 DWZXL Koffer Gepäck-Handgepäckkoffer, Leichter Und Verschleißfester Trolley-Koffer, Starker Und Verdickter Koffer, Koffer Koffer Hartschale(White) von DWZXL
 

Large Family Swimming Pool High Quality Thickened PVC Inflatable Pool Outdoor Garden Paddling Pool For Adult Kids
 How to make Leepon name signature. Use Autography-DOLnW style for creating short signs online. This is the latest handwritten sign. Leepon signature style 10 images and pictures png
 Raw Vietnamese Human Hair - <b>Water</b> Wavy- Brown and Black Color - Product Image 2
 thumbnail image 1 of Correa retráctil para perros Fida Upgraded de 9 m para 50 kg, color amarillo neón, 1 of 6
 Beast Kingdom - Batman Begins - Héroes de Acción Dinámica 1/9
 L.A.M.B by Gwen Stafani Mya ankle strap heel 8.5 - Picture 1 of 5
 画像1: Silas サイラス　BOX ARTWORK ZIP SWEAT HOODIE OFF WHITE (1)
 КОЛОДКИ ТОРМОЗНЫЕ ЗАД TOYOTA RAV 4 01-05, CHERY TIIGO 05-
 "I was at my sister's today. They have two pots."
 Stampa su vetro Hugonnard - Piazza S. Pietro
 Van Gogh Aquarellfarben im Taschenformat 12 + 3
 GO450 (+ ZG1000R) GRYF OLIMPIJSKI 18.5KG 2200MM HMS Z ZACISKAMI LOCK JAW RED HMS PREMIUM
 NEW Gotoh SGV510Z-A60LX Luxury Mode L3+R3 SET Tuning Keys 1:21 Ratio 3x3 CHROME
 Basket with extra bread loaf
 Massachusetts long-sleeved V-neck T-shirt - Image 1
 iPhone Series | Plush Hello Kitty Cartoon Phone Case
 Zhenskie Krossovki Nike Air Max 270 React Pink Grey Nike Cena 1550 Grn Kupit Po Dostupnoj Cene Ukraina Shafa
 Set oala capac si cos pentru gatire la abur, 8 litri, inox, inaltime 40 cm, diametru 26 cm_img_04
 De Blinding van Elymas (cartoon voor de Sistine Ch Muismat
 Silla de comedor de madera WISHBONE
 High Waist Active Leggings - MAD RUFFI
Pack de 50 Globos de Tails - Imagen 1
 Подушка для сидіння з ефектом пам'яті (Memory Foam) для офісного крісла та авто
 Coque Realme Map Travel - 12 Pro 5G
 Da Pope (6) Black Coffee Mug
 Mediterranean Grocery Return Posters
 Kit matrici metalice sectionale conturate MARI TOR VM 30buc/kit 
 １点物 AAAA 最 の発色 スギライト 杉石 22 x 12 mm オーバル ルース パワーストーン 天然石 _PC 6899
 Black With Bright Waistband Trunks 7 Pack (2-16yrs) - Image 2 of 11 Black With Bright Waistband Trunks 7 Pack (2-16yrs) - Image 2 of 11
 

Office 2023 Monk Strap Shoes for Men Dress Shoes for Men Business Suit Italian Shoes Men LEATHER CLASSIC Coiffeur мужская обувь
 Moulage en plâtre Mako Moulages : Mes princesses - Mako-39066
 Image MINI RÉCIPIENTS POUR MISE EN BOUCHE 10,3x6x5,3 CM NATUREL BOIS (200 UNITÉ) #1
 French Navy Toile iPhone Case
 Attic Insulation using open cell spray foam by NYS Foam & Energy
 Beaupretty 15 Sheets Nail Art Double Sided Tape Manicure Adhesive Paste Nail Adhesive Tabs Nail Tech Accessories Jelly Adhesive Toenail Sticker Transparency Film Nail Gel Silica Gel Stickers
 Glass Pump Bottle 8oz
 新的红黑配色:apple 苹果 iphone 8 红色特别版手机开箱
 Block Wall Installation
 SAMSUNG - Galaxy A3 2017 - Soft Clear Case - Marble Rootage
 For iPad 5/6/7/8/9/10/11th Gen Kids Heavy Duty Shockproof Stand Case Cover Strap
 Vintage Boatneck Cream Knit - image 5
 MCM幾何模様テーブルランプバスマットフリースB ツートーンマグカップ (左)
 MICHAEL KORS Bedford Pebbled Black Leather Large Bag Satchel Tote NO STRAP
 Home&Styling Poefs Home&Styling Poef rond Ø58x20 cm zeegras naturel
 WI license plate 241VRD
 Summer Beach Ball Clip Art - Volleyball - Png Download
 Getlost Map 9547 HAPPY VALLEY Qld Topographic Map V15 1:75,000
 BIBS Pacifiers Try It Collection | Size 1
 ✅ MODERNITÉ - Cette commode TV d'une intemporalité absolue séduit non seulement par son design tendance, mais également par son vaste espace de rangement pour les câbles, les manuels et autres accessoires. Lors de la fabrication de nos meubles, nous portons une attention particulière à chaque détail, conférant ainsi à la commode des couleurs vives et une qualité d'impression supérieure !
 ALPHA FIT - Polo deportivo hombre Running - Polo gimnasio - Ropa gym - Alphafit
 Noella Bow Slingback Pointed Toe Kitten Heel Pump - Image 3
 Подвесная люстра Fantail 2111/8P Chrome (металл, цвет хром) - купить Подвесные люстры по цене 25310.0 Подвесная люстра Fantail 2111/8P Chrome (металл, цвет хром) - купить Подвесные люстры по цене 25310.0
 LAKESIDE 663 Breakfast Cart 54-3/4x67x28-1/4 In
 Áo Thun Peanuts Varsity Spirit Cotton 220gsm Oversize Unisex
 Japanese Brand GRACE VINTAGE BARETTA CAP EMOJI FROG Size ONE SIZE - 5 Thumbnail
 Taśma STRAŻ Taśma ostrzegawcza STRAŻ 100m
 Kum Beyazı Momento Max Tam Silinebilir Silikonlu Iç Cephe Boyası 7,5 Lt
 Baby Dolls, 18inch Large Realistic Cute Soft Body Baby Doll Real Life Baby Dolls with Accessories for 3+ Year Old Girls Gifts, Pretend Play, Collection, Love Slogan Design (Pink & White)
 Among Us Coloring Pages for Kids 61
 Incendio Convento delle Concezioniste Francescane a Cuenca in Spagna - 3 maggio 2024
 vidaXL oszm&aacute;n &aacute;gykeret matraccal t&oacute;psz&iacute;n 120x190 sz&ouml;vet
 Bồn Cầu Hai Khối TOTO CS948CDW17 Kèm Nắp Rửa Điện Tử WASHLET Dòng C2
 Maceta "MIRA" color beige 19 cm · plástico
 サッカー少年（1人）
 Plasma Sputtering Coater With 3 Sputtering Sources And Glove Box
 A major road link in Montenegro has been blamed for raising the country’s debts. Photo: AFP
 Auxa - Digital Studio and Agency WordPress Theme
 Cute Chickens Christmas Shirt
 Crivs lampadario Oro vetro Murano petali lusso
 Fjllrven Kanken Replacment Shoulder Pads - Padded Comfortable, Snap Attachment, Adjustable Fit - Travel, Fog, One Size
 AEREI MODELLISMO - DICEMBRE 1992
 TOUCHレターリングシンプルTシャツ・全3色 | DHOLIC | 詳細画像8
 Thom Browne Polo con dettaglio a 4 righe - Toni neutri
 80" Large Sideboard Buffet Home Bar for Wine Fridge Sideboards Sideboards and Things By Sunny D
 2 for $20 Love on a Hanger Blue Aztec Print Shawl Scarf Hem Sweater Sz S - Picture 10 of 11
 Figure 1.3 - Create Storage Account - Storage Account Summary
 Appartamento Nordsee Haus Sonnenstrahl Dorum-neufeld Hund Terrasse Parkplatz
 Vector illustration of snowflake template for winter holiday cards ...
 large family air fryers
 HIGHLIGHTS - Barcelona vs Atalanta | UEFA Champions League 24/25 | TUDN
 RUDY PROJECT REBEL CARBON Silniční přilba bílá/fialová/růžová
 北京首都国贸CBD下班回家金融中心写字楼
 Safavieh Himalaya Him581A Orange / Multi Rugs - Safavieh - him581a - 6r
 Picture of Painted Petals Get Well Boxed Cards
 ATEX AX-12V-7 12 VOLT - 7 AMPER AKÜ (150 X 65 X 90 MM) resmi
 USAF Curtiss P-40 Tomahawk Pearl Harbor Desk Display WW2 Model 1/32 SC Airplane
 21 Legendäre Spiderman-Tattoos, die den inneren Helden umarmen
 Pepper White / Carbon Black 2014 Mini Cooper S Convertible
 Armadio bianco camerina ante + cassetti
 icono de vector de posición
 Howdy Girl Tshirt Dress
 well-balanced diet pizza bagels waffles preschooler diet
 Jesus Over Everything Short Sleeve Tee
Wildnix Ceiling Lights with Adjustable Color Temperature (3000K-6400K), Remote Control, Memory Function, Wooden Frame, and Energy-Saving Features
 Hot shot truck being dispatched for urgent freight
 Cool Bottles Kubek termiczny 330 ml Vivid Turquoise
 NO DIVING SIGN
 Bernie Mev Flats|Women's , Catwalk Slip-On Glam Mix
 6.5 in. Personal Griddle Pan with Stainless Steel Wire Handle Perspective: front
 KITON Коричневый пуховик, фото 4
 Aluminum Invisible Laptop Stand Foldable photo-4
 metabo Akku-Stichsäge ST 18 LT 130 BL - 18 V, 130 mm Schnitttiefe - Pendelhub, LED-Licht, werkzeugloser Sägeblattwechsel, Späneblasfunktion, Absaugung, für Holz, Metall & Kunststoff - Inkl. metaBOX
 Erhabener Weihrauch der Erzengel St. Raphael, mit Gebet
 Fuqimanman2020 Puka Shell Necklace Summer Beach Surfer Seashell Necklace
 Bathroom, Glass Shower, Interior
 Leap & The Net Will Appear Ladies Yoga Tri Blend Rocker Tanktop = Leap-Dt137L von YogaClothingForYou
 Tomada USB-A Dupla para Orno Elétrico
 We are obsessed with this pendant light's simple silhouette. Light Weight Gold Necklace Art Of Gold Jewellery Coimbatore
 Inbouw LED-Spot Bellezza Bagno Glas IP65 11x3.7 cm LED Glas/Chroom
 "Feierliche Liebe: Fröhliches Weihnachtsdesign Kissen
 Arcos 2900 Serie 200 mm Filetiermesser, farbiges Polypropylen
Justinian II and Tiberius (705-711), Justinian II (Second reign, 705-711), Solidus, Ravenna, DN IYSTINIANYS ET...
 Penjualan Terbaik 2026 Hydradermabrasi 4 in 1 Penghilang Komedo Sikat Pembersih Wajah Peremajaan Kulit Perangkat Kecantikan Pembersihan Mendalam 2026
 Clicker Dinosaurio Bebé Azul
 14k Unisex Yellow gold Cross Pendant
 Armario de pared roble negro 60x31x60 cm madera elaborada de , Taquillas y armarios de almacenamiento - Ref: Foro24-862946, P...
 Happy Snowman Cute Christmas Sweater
________________________
** Assignment **
Check each line of the entries for "Polo" and copy those that have it.

** Result of this task **
 ALPHA FIT - Polo deportivo hombre Running - Polo gimnasio - Ropa gym - Alphafit
 Thom Browne Polo con dettaglio a 4 righe - Toni neutri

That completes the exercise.